Abstract: We use the U.S. patent data merged with firm-level datasets to establish new facts about the role of mega firms in generating “novel patents”—innovations that introduce new combinations of technology components for the first time. While the importance of mega firms in novel patents had been declining until about 2000, it has strongly rebounded since then. The timing of this turnaround coincided with the ascendance of firms that newly became mega firms in the 2000s, and a shift in the technological contents, characterized by increasing integration of Information and Communication Technology (ICT) and non-ICT components. Mega firms also generate a disproportionately large number of “hits”—novel patents that lead to the largest numbers of follow-on patents (subsequent patents that use the same combinations of technology components as the first novel patent)—and their hits tend to generate more follow-on patents assigned to other firms when compared to hits generated by non-mega firms. Overall, our findings suggest that mega firms play an increasingly important role in generating new technological trajectories in recent years, especially in combining ICT with non-ICT components.
* All authors contributed equally.
*Ding, Yuheng, Karam Jo and Seula Kim. (2022). "Improving Patent Assignee-Firm Bridge with Web Search Results". CES Working Paper No. 22-31.
Abstract: This paper constructs a patent assignee-firm longitudinal bridge between U.S. patent assignees and firms using firm-level administrative data from the U.S. Census Bureau.
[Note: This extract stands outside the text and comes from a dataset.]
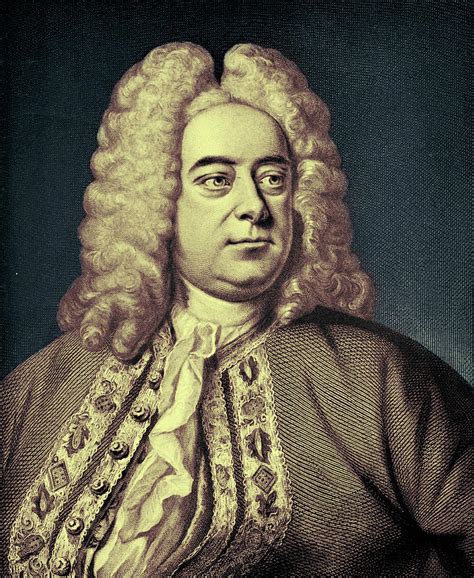 Portrait Of The Composer George Frideric Handel Photograph by English ...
We match granted patents applied between 1976 and 2016 to the U.S. firms recorded in the Longitudinal Business Database (LBD) in the Census Bureau. Building on existing algorithms in the literature, we first use the assignee name, address (state and city), and year information to link the two datasets. We then introduce a novel search-aided algorithm that significantly improves the matching results by 7% and 2.9% at the patent and the assignee level, respectively. Overall, we are able to match 88.2% and 80.1% of all U.S. patents and assignees respectively. We contribute to the existing literature by 1) improving the match rates and quality with the web search-aided algorithm, and 2) providing the longest and longitudinally consistent crosswalk between patent assignees and LBD firms.
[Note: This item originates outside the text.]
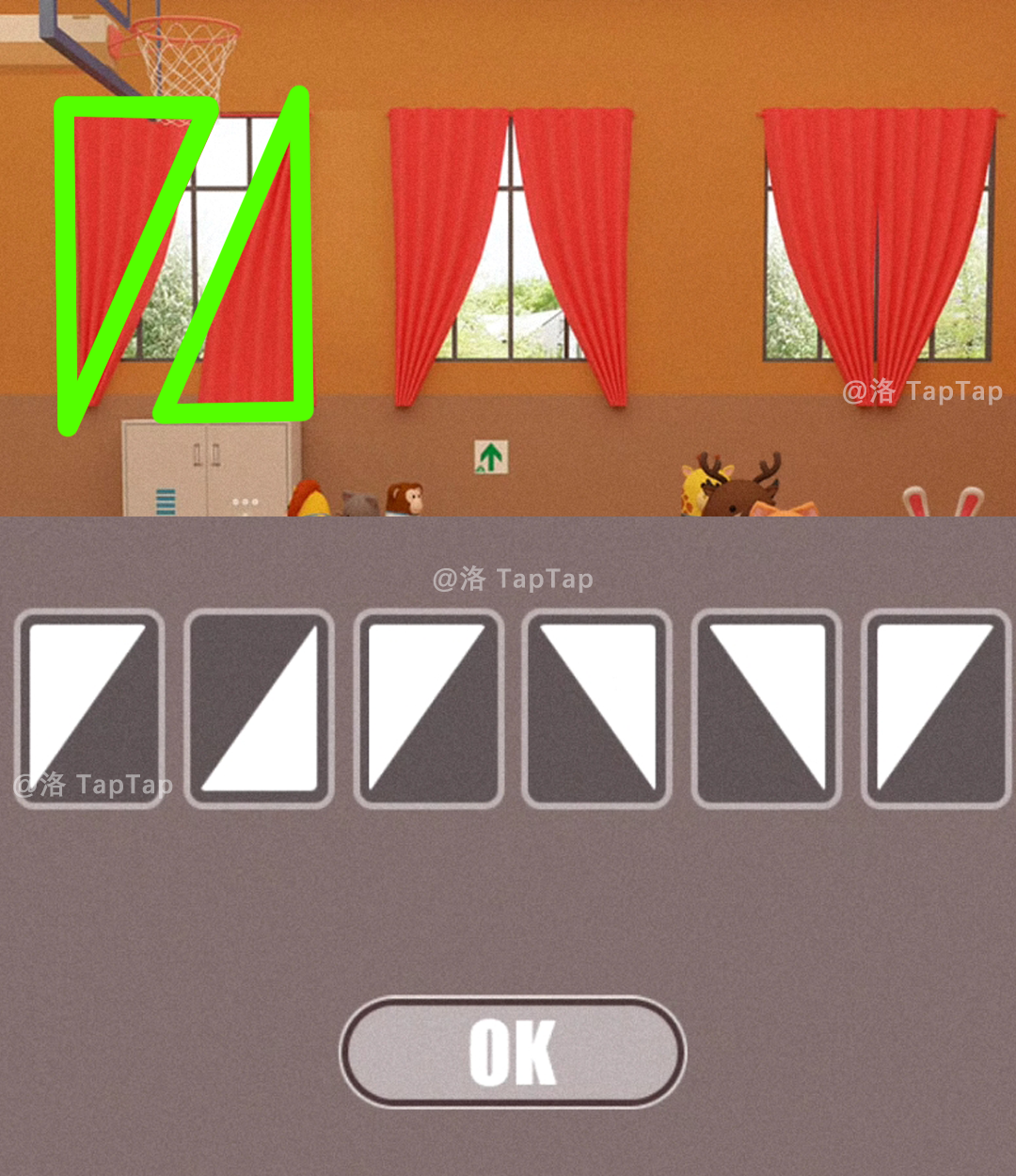 《Escape Room》体育馆超详细攻略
* All authors contributed equally.
Works in Progress
"Compensation Dispersion among Inventive Talents: Assortative Matching and Premium to Complex Innovation" with Rajshree Agarwal, Serguey Braguinsky, and Jungwon (Alex) Son.
"Technology Divide between Entrants and Incumbents in Developing Countries: The Role of Managerial Human Capital" with Xavier Cirera
”Management and Organizational Practices, Business Dynamism, Employee Sorting, and Entrepreneurship” with Rajshree Agarwal, Serguey Braguinsky, Seth Carnahan, Joonkyu Choi, Martin Ganco, John Haltiwanger, Florence Honore, Seula Kim, and Evan Starr, (Data analysis stage with U.S. Census data)
Contributions to Crowd-Sourced Research Projects
Fišar, M., Greiner, B., Huber, C., Katok, E., Ozkes, A., and the Management Science Reproducibility Collaboration (Forthcoming). Reproducibility in Management Science. Management Science.